▶ **Listed records**
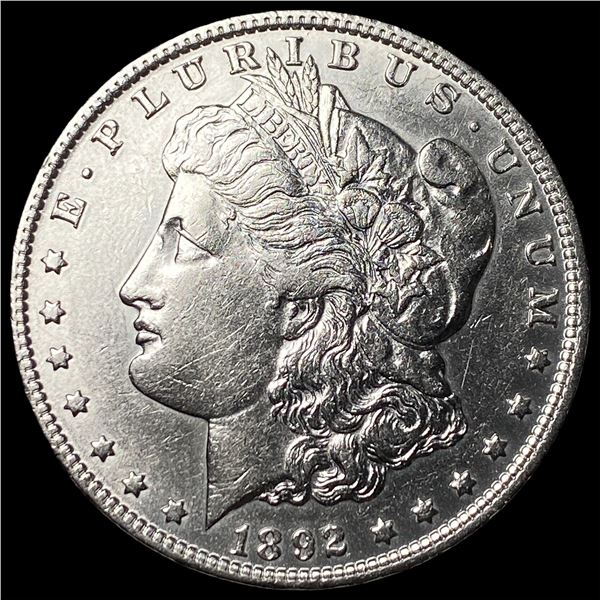 1892-O Morgan Silver Dollar CHOICE AU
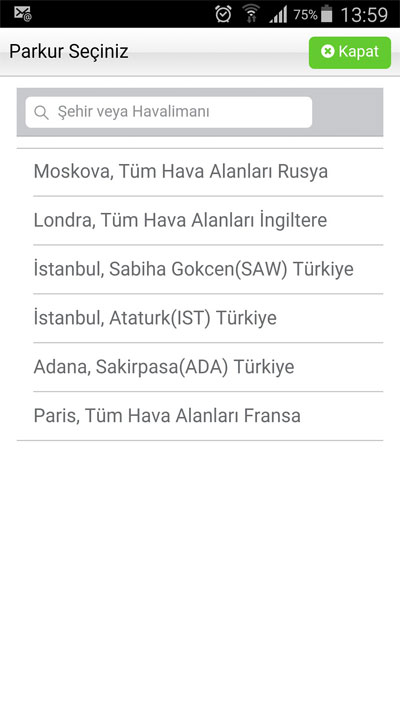 Mobil Uygulama: Ucuzauc Uçak Bileti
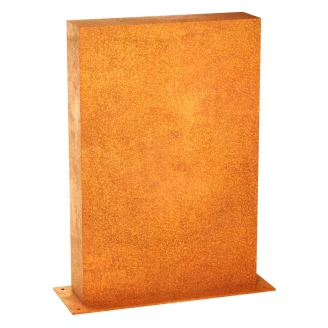 Cortena Skärm <strong>Espada</strong>  Cortenstål 60x15x90 cm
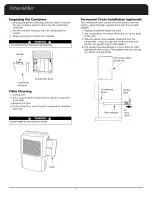 Preview for 4 page of Fedders 23-23-0466N-001 Installation, Operation & Maintenance Instructions Manual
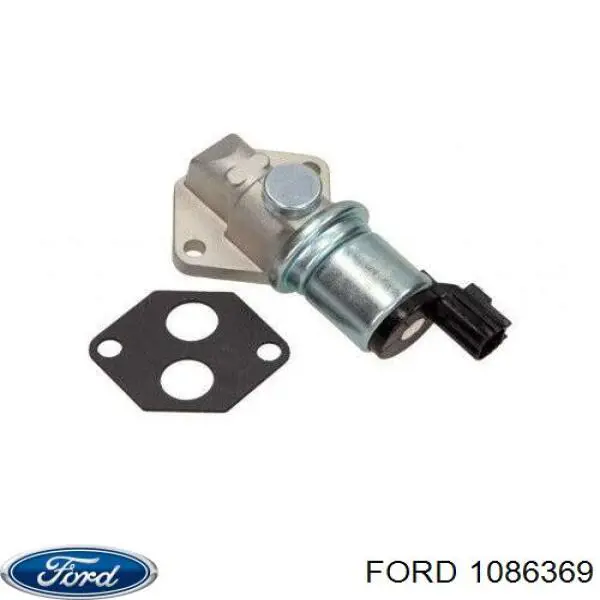 1086369 Ford Válvula (regulador) de marcha a vácuo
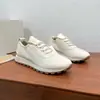 Sapatos Esportivos Casuais Masculinos Malha Respirável Flats da Moda Marca Tendência Versão Coreana Bc Sapatos de Dirigir Britânicos Estação de Verão 2025 Europeia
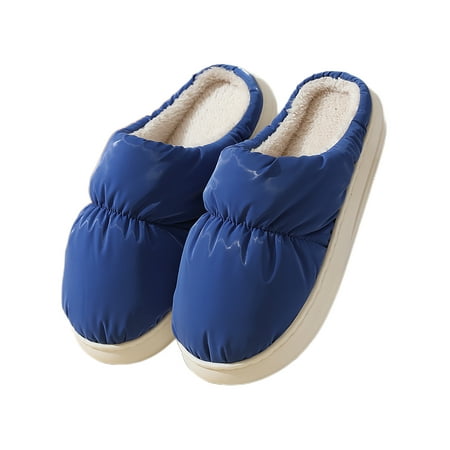 Avamo Womens Cozy Winter Warm Slippers Down Sleep Party Waterproof Plush Lining Shoe Blue 9.5-10
Avamo Womens Cozy Winter Warm Slippers Down Sleep Party Waterproof Plush Lining Shoe Blue 9.5-10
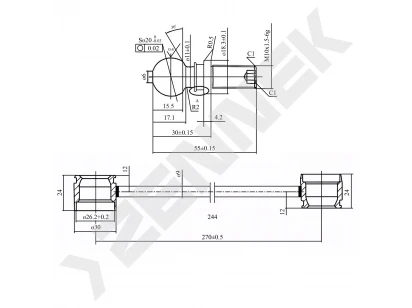 Stabilizer link DST0139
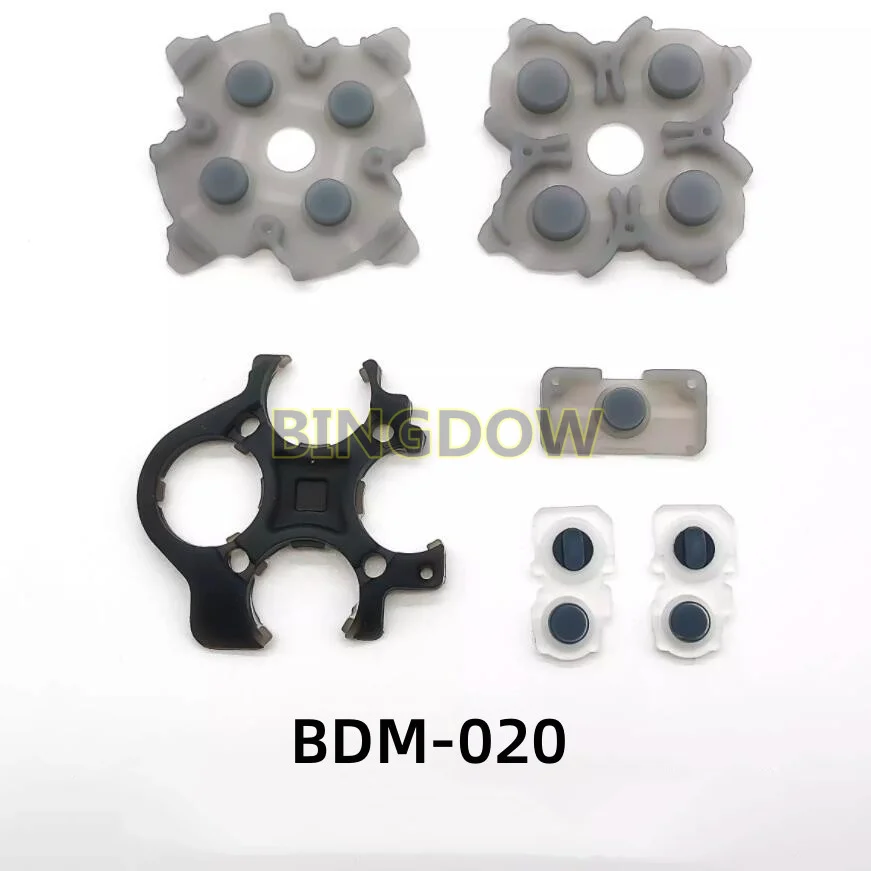 Проводящая пленка, кнопка, лента, пленка для печатной платы для контроллера PS5 V1.0 2.0 3,0, силиконовая резина, кнопка, проводящие подушечки, клавиатуры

▶ **Prompt**
Print out all the material word for word but exclude any images.

▶ **Your solution**
 1892-O Morgan Silver Dollar CHOICE AU
 Mobil Uygulama: Ucuzauc Uçak Bileti
 Cortena Skärm <strong>Espada</strong>  Cortenstål 60x15x90 cm
 Preview for 4 page of Fedders 23-23-0466N-001 Installation, Operation & Maintenance Instructions Manual
 1086369 Ford Válvula (regulador) de marcha a vácuo
 Sapatos Esportivos Casuais Masculinos Malha Respirável Flats da Moda Marca Tendência Versão Coreana Bc Sapatos de Dirigir Britânicos Estação de Verão 2025 Europeia
 Avamo Womens Cozy Winter Warm Slippers Down Sleep Party Waterproof Plush Lining Shoe Blue 9.5-10
Avamo Womens Cozy Winter Warm Slippers Down Sleep Party Waterproof Plush Lining Shoe Blue 9.5-10
 Stabilizer link DST0139
 Проводящая пленка, кнопка, лента, пленка для печатной платы для контроллера PS5 V1.0 2.0 3,0, силиконовая резина, кнопка, проводящие подушечки, клавиатуры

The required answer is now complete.